Neither male nor female.
A San Diegan is now the third person in the country to be legally identified as non-binary.
"I am now recognized as Arata Tiffany Furuya and that my gender non-binary," said Furuya, better known as A.T.
They are celebrating a victory as they strut down Hillcrest. Furuya accomplished something today only two others in the nation have.
They legally changed their gender, now identifying as neither male or female.
"I'm not like half man, half woman. I just don't have a gender i"Identity," they said.
Born a girl, Furuya said their mom never enforced female behavior on them. It wasn't until college they learned what they could identify as.
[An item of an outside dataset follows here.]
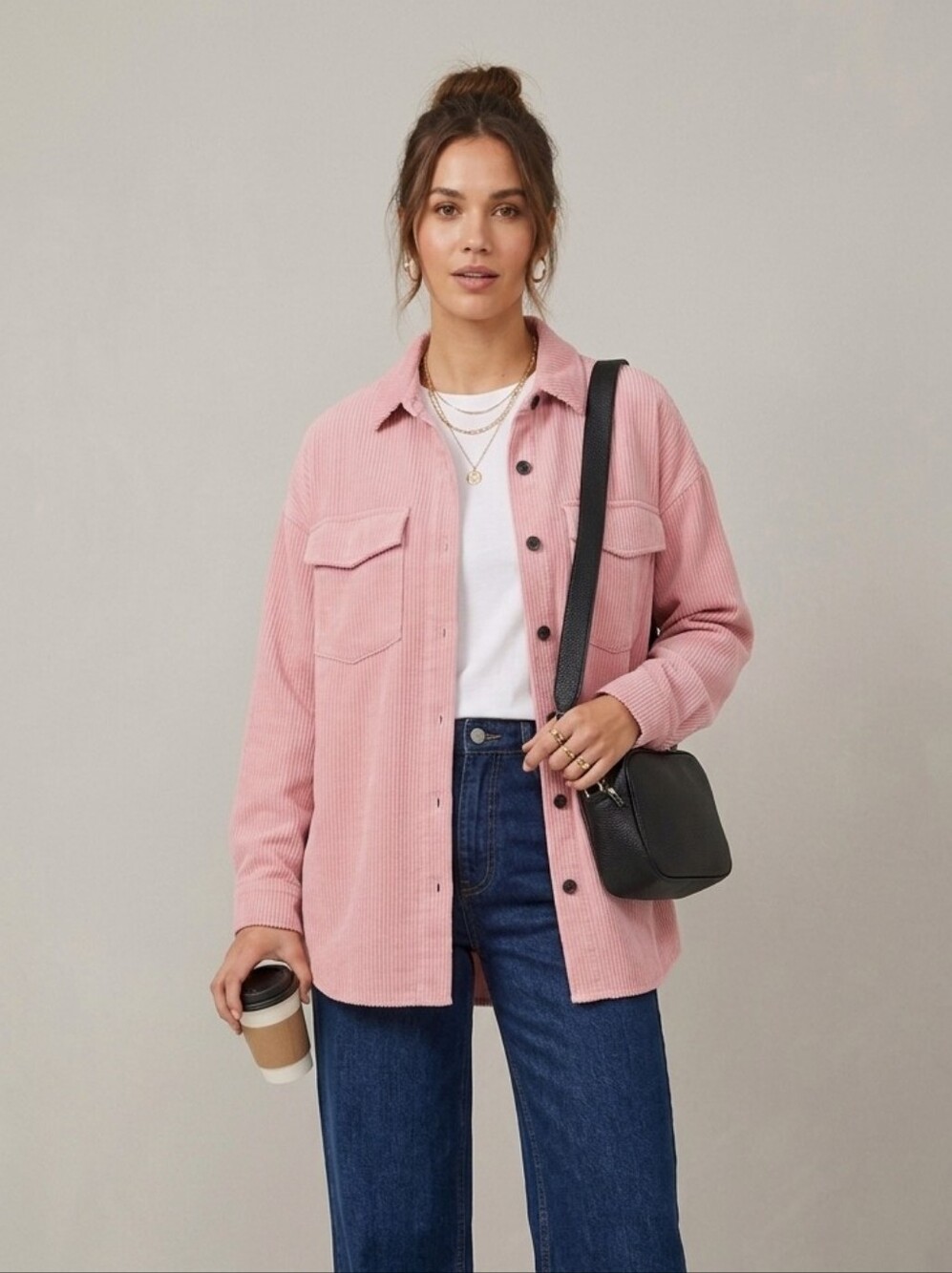 Simons Pink Corduroy Oversized Shacket Button Down Jacket Size Small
"I started more internally navigating and exploring what my gender identity is."
Explaining their identity had been a struggle up until now.
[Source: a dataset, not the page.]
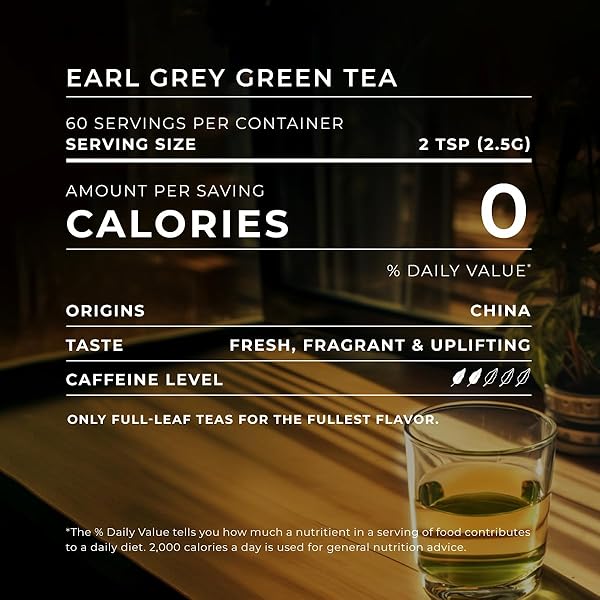GYA TEA CO EARL GREY GREEN TEA LOOSE LEAF – 5.29 OZ (70 CUPS) – 100% PURE NATURAL – BREW HOT OR ICED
"How am I going to be read? How are people going to police my gender?"
Furuya said they decided recently to make their identity legal.
"I'm gonna try for this and I'm gonna keep trying until I get it," they said.
Today, a judge granted Furuya recognition.
"It's not just a piece of paper. It has a lot of power behind it."
Their next step, they said, is "starting to move forward with my driver's license, my social security card."
With hopes of paving the way for others.
"Seems like we have an opportunity to have our identities acknowledged."
Last month SB 179 was introduced. If passed, it would streamline the process for Californians, such as A.T., to change their legal gender to non-binary.